The corner piece that attaches at the top corner of transom and right side of my boat came off at the dock Saturday at Edgewater. The boat was bouncing around a bit and must have caught on the dock. I didnt notice it until I got home. It was there while we were fishing. The boat is aluminum, a 2003 Sylvan Avenger 1700, and I'm guesssing I shouldnt run the boat without it. 

Anyone have any advice on replacement? I am going to call a Sylvan Dealer, but would like to hear if anyone has dealt with this problem. I guess someone could fabricate something that would work, but I also want to be sure it is strong and doesnt have any sharp edges on it.


----------



## MassillonBuckeye (May 3, 2010)

elkhtr said:


> The corner piece that attaches at the top corner of transom and right side of my boat came off at the dock Saturday at Edgewater. The boat was bouncing around a bit and must have caught on the dock. I didnt notice it until I got home. It was there while we were fishing.
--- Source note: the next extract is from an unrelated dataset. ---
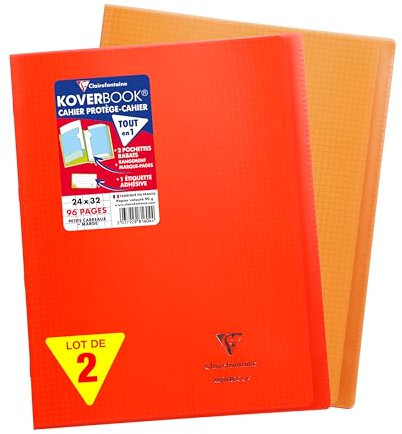 Clairefontaine 981604AMZC Un lot de 2 Cahiers Agrafés Koverbook - 24x32 cm - 96 Pages Petits Carreaux avec Marge 90 g - Couverture Polypro - Couleurs assorties (Rouge et Orange)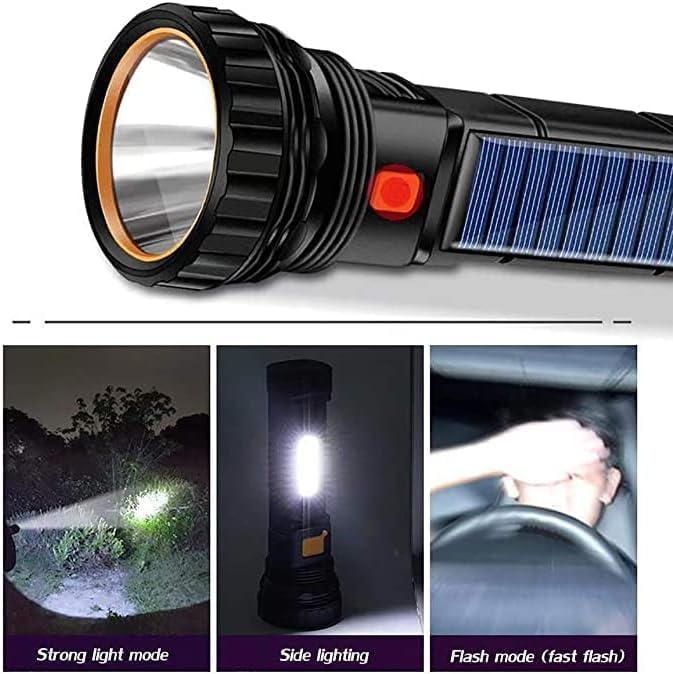 E-SHIDAI 4pcs Solar/Rechargeable Multi Function 1000 Lumens LED Flashlight, with Emergency Strobe Light and 1200 Mah Battery, Emergency Power Supply and USB Charging Cable, Fast Charging (4PC)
The boat is aluminum, a 2003 Sylvan Avenger 1700, and I'm guesssing I shouldnt run the boat without it.
> 
> Anyone have any advice on replacement? I am going to call a Sylvan Dealer, but would like to hear if anyone has dealt with this problem. I guess someone could fabricate something that would work, but I also want to be sure it is strong and doesnt have any sharp edges on it.
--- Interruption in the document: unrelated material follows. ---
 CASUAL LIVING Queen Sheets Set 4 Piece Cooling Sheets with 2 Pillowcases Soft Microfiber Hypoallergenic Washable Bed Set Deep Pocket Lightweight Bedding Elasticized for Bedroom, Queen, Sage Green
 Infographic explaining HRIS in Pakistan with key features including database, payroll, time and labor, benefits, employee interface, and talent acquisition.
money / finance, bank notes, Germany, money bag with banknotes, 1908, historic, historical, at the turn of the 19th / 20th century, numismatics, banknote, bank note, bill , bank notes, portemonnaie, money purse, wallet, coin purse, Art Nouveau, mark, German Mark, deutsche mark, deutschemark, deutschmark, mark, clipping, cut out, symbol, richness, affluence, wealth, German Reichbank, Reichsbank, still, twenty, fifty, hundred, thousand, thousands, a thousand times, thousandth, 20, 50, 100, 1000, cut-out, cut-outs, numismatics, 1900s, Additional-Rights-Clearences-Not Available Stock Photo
They are just caps really. Not much structural going on there. guys fabricate them or you can find them secondhand sometimes. Try ebay. If you had dimensions, maybe you could match something up from a different make and model. If you goto iboats.com and do some searching, you'll find quite a few discussions regarding them.


----------



## MassillonBuckeye (May 3, 2010)

http://forums.iboats.com/starcraft-boats/starcraft-corner-cap-supplier-489543.html

There's the link to a supplier for Starcraft caps. Maybe they'll have something that fits.


----------



## elkhtr (Oct 23, 2006)

Thanks Buckeye, I will look into that.


----------